## A Proof of Dobinski’s Formula for Bell Numbers

Dobinski’s formula entails the following infinite series expression for the nth Bell number $\varpi_n$: $\displaystyle \varpi_n = \frac{1}{e} \sum_{k=0}^{\infty} \frac{k^n}{k!}.$

In this post we’ll work through a proof of Dobinski’s formula.  We’ll need four formulas:

1. The Maclaurin series for $e^x$: $\displaystyle e^x = \sum_{k=0}^{\infty} \frac{x^k}{k!}$.
2. The formula for converting normal powers to falling factorial powers: $\displaystyle x^n = \sum_{k=0}^n \left\{ n \atop k \right\} x^{\underline{k}},$ where $\left\{ n \atop k \right\}$ is a Stirling number of the second kind.
3. The formula relating Bell numbers and Stirling numbers of the second kind: $\displaystyle \varpi_n = \sum_{k=0}^n \left\{ n \atop k \right\}$.  (This follows directly from the combinatorial definitions of the Bell numbers and the Stirling numbers of the second kind.)
4. The representation of falling factorial powers as factorials: $\displaystyle k^{\underline{m}} = \frac{k!}{(k-m)!}$, valid when $k \geq m$ and $k, m \in \mathbb{N}$.

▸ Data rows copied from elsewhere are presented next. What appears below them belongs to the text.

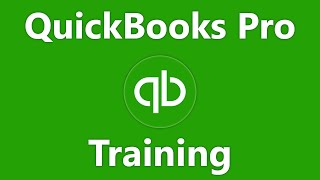 QuickBooks Desktop Pro 2019 Tutorial Reconciling Accounts Intuit Training [upl. by Hesketh587]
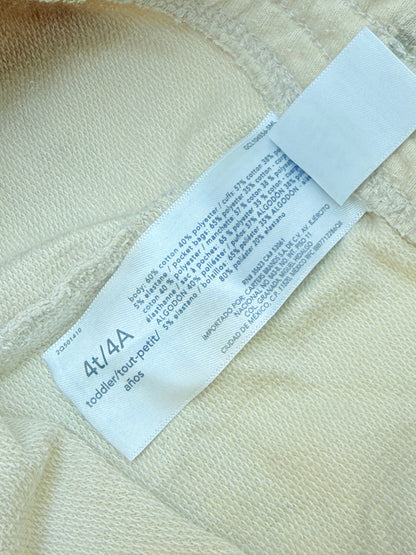 Carter's Dinosaur Print Jogger Pants 4T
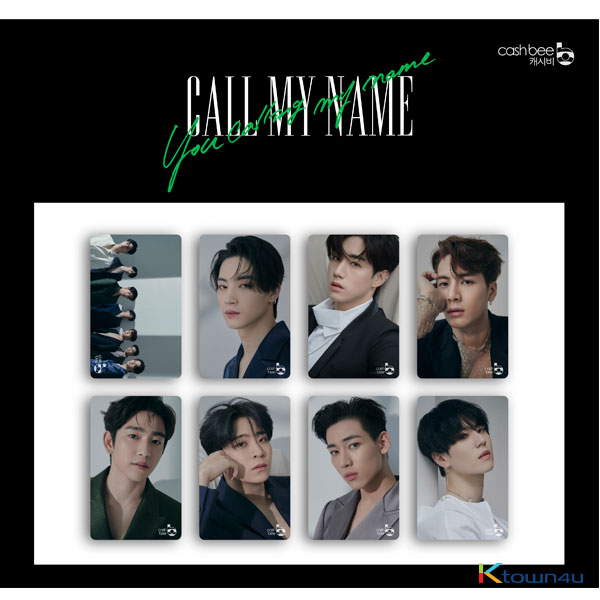 GOT7 - Traffic Card (restock)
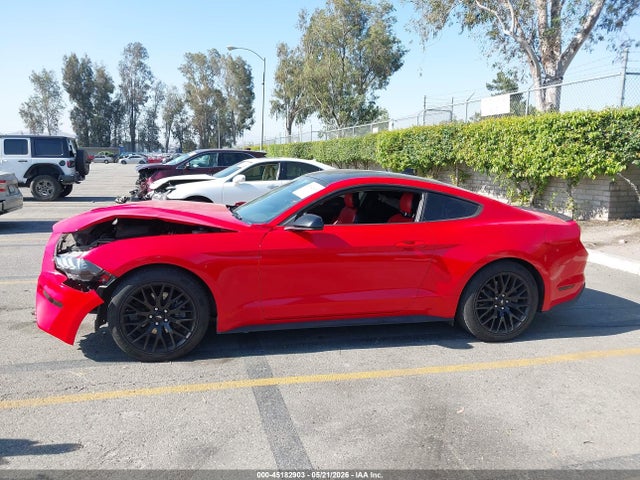 1FA6P8TH2M5150115 Ford Mustang Ecoboost Premium Fastback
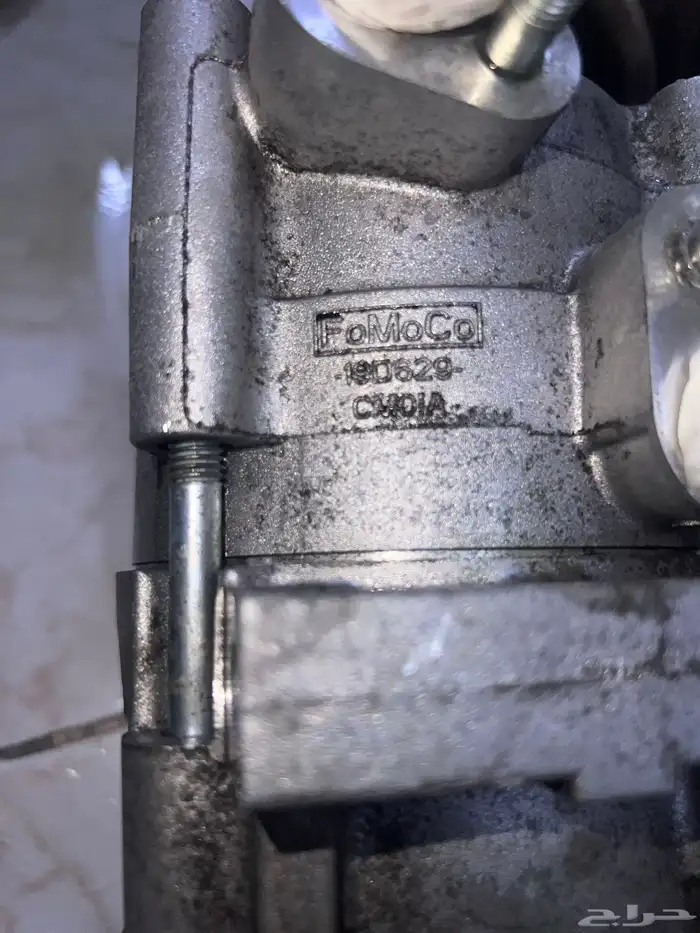 كمبرسرات فورد وكالة شرط مع الضمان 0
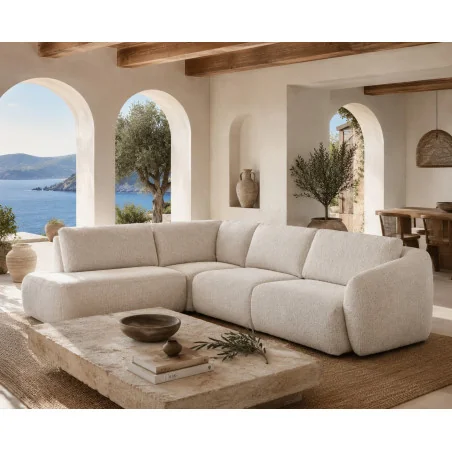 Corner sofa Cavo Open End 285 x 215cm & 320 x 230cm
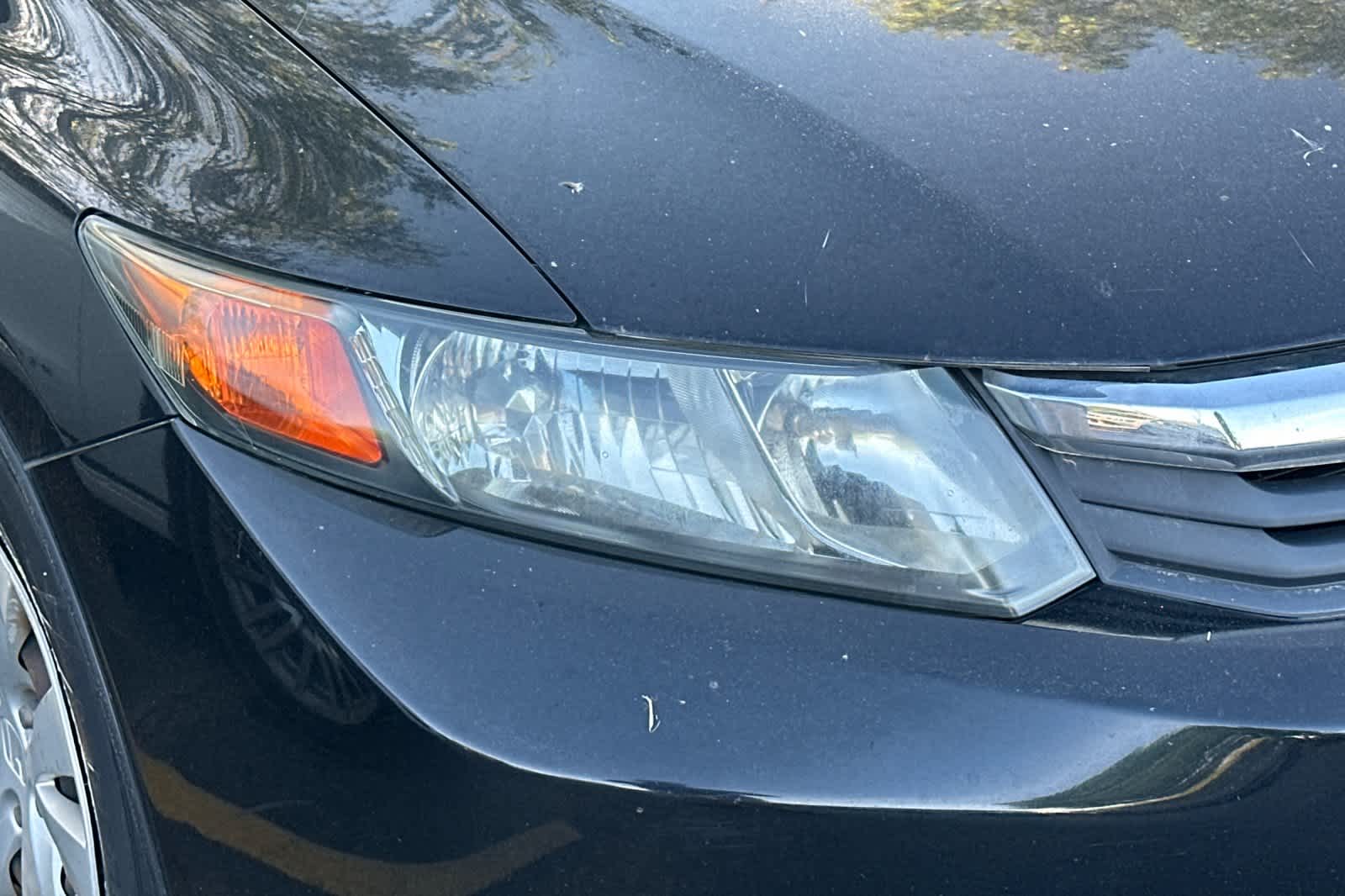 Thumbnail: 2012 Honda Civic - 9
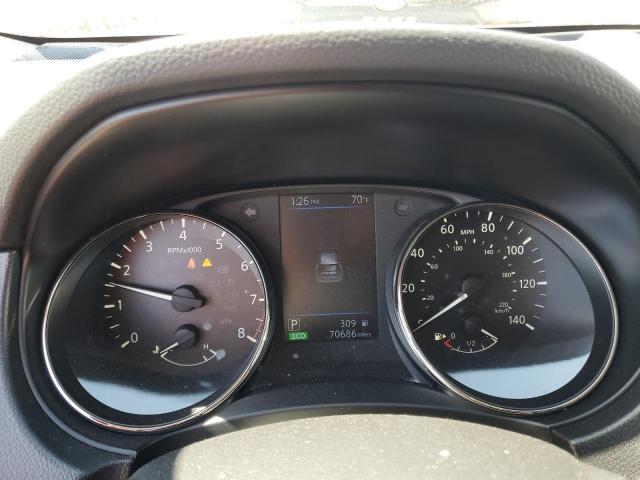 2019 NISSAN ROGUE S - JN8AT2MT4KW256609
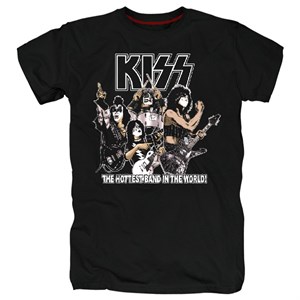 Футболка Kiss #19 kiss19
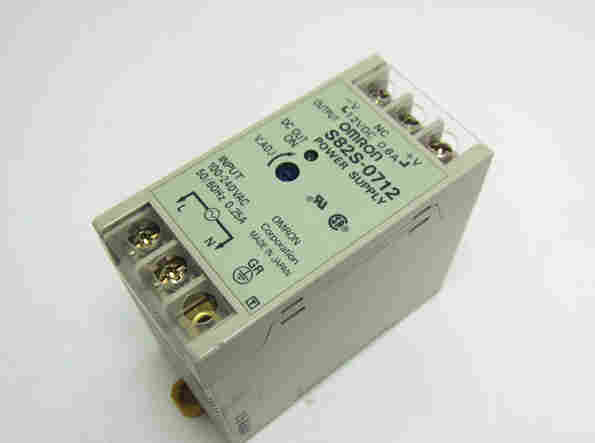 现货-爆款-欧姆龙开关电源S8VM-01505D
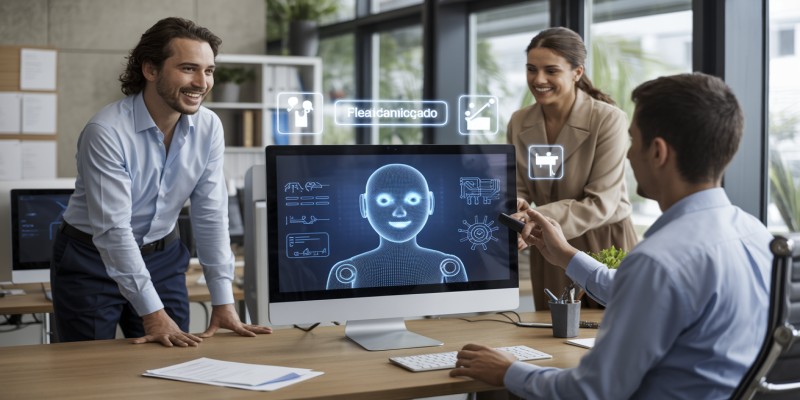 Chatbot Humanizado: Revolucione o atendimento com a CINNDI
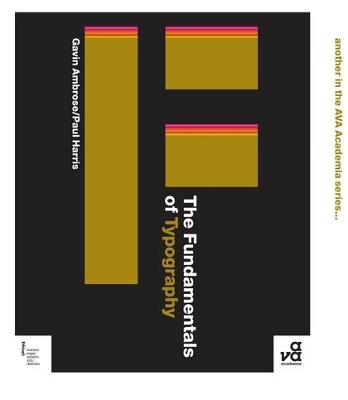 Cover of The Fundamentals of Typography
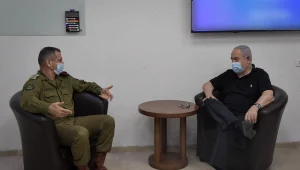 חמש עם שרון גל 28.07.20 התכנית המלאה - מתיחות שיא בצפון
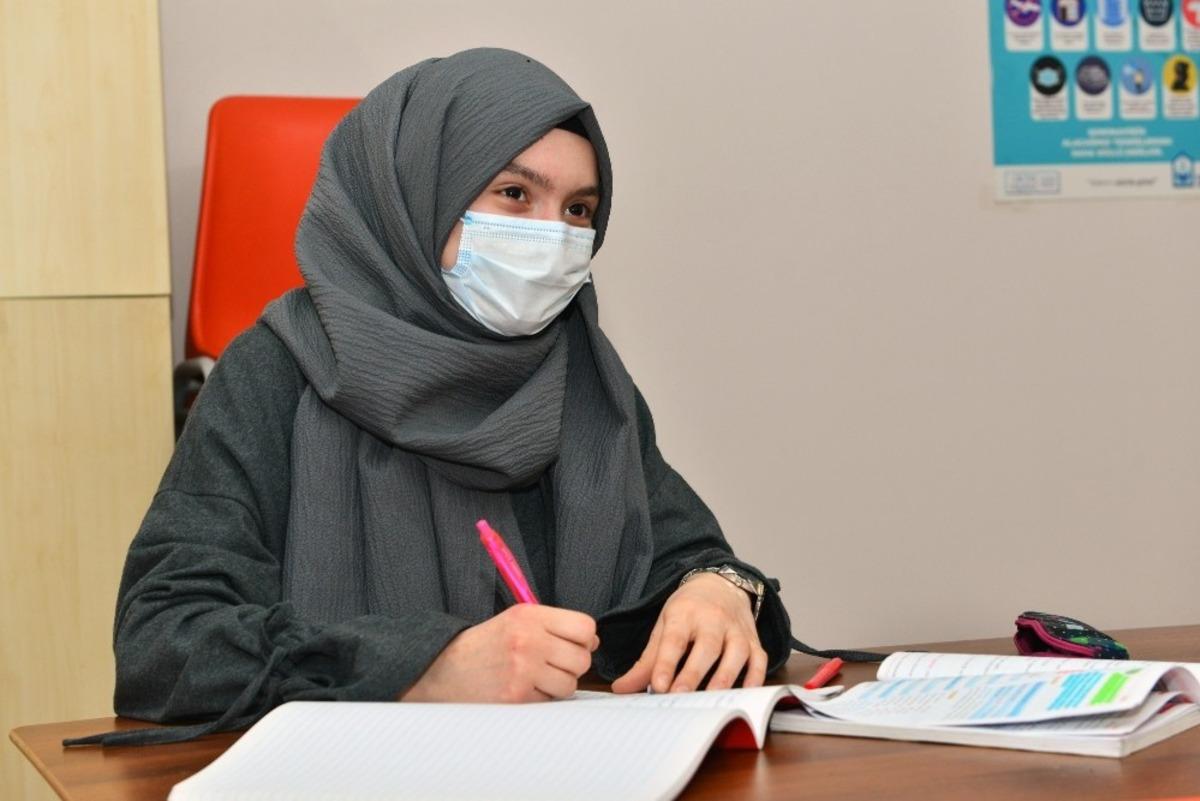 Yıldırım Belediyesinden &uuml;niversiteye hazırlık kursu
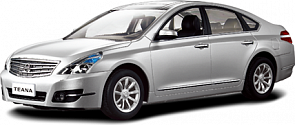 Радиоуправляемая машинка, масштаб 1:14, Nissan Teana (Rastar, 35500)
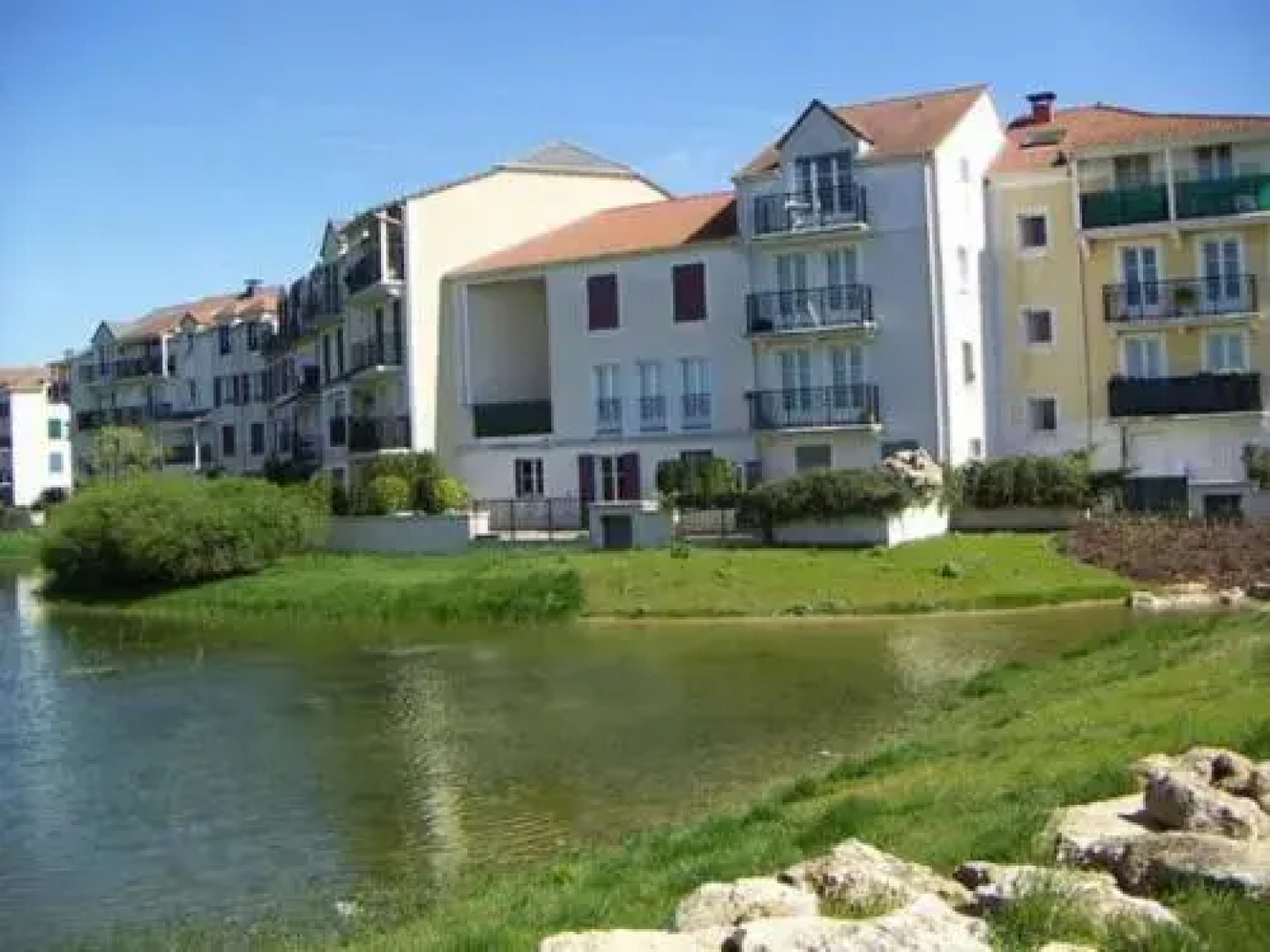 Apartment Near Disneyland Paris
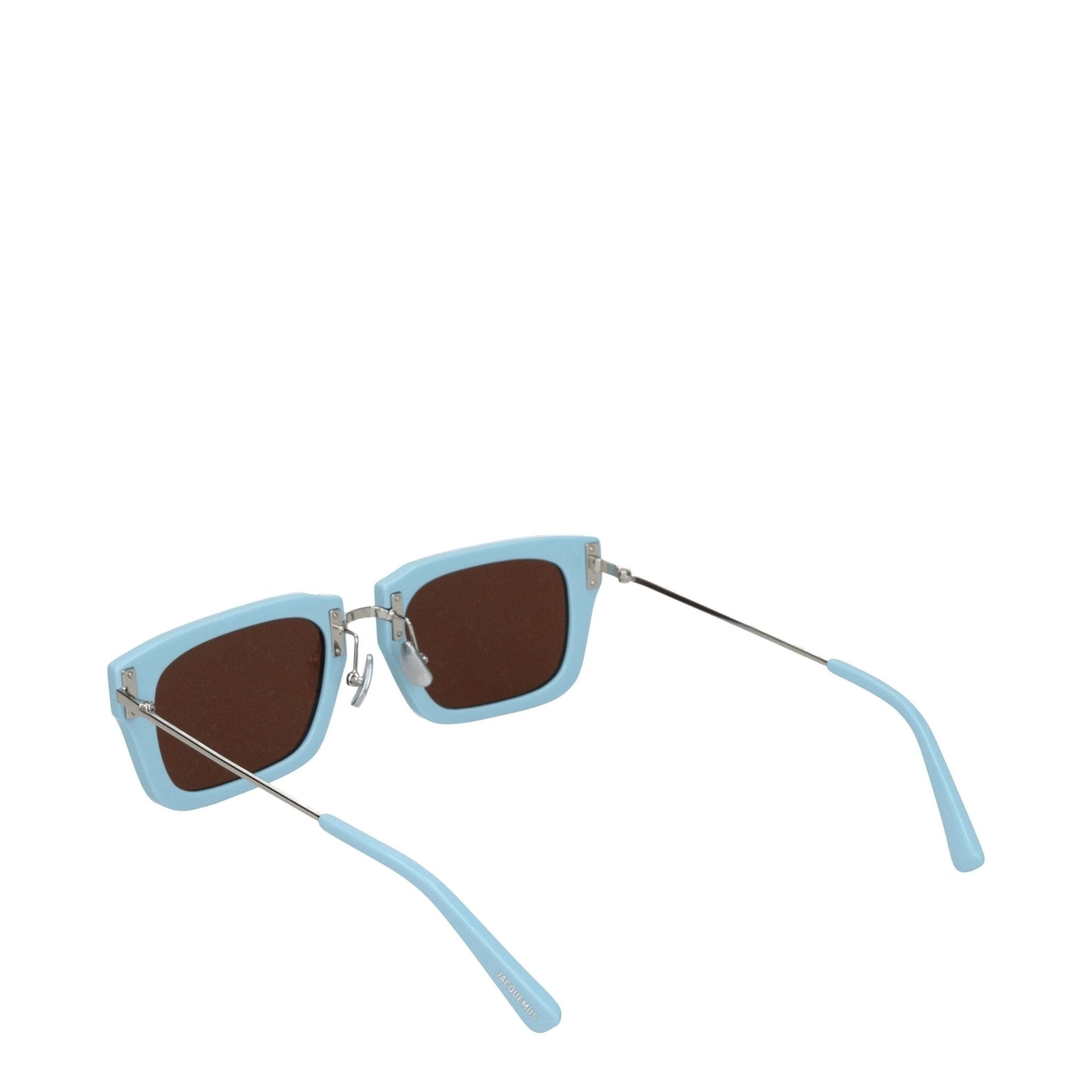 Light Blue Acetate Sunglasses - TIZZIL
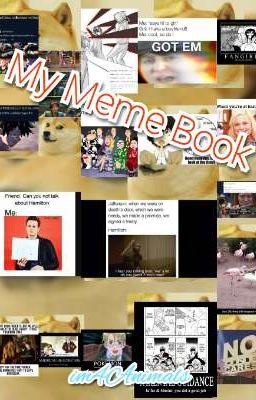 My meme book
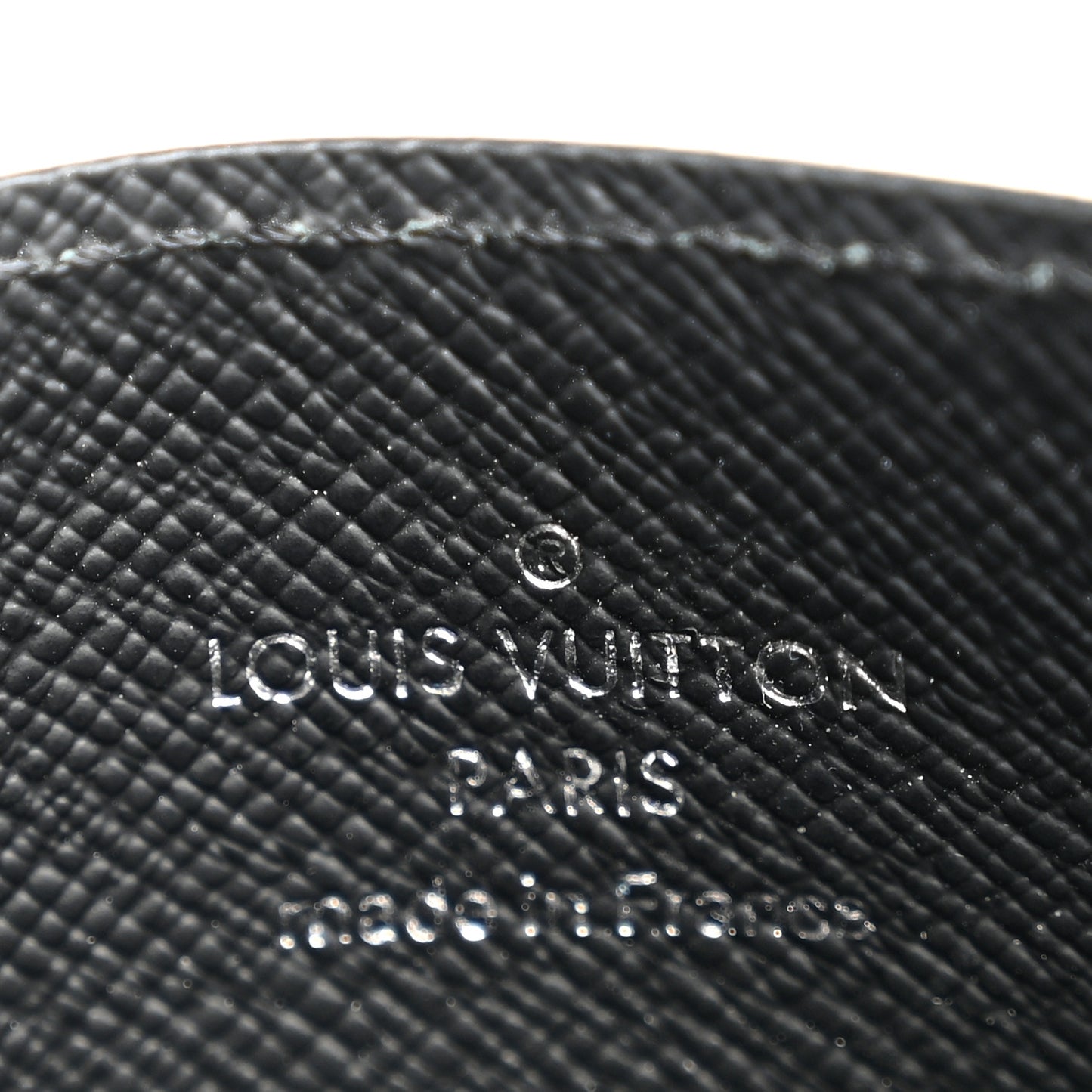 Monogram Eclipse Porte-Cartes Double Card Holder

Here we go… Starting with the infinite series expression $\displaystyle \sum_{k=0}^{\infty} \frac{k^n}{k!},$ convert to falling factorial powers to get $\displaystyle \sum_{k=0}^{\infty} \frac{k^n}{k!} = \sum_{k=0}^{\infty} \frac{1}{k!} \sum_{j=0}^n \left\{n \atop j \right\} k^{\underline{j}} = \sum_{j=0}^n \left\{ n \atop j \right\} \sum_{k=0}^{\infty} \frac{k^{\underline{j}}}{k!} = \sum_{j=0}^n \left\{n \atop j \right\} \sum_{k=j}^{\infty} \frac{k^{\underline{j}}}{k!} = \sum_{j=0}^n \left\{ n \atop j \right\} \sum_{k=j}^{\infty} \frac{1}{(k-j)!} = \sum_{j=0}^n \left\{ n \atop j \right\} \sum_{i=0}^{\infty} \frac{1}{i!} = \sum_{j=0}^n \left\{ n \atop j \right\} e.$

Thus $\displaystyle \frac{1}{e} \sum_{k=0}^{\infty} \frac{k^n}{k!} = \frac{1}{e} \sum_{j=0}^n \left\{ n \atop j \right\} e = \varpi_n$.

(I made a similar argument in this Math.SE question.)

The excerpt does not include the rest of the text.